Multiple Phonemizer Support
The piper-phonemizer setup is a bit confusing at the moment as it's both a included with some significant code and a library imported at runtime. The two phonemizers text and espeak are both tightly integrated in piper and piper-phonemize. Furthermore, they are linked with the espeak-ng library which has the GPL license meaning piper-phonemize is also under the GPL license (when distributed) and thus also piper is under the GPL license.
My proposal is this:
- Create a standard interface for a phonemizer between piper/piper-phonemize. This could be 3 functions: initialize, phonemize, terminate. The initialize could also pass in configuration data if required.

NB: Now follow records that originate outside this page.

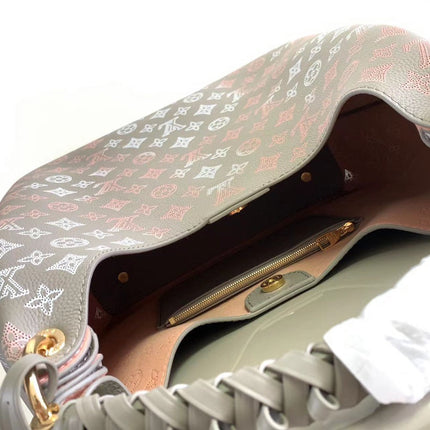 CARMEL 40 IN GRAY MONOGRAM GRADIENT PERFORATED CALFSKIN
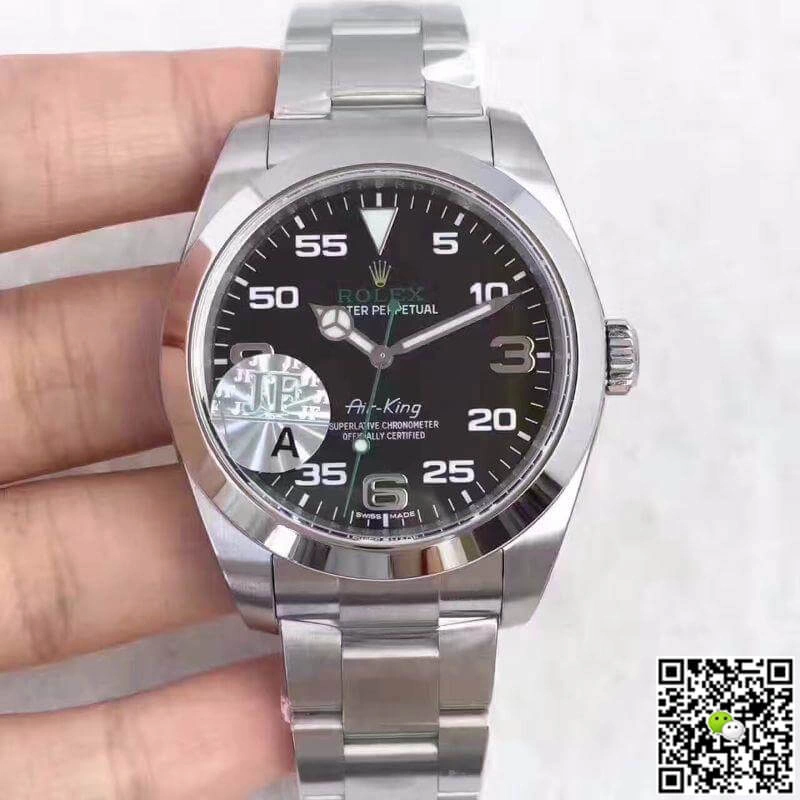 Rolex Air-King 116900 JF Factory 1:1 Best Edition Replica Watch Swiss ETA3131 Black Dial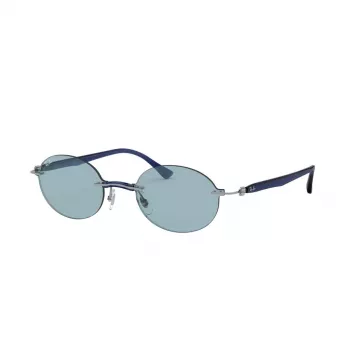 Ray-Ban RB8060-004-80 Unisex Pilot Aviator akiniai Gunmetal pilka 54mm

- Have the phonemizer be selectable at startup via a flag instead of from the voice config. I'm not sure technically if there's a reason the phonemes are configured in the voice .json file, but it seems like that's not entirely necessary as long as the phonemes match.
- Separate the phonemizers within piper-phonemize to be different libraries that are loaded only if the configuration requires it. For example on Linux to phonemize text into a vector of phonemes using espeak:
auto libraryHandle = dlopen("phoenmizer_espeak.so", RTLD_LAZY);
auto phonemizeFn = (void (*)(const std::string, std::vector<std::vector<Phoneme>>&))GetProcAddress(static_cast<HMODULE>(libraryHandle), "phonemize");
phonemizeFn(text, phonemes);
This would allow an easy way to integrate a new phonemizer without updating both programs and even allows a new library to be added without updating piper-phonemize. Plus, the dependency on espeak-ng would be optional which means it could be distributed under the much more permissive MIT license.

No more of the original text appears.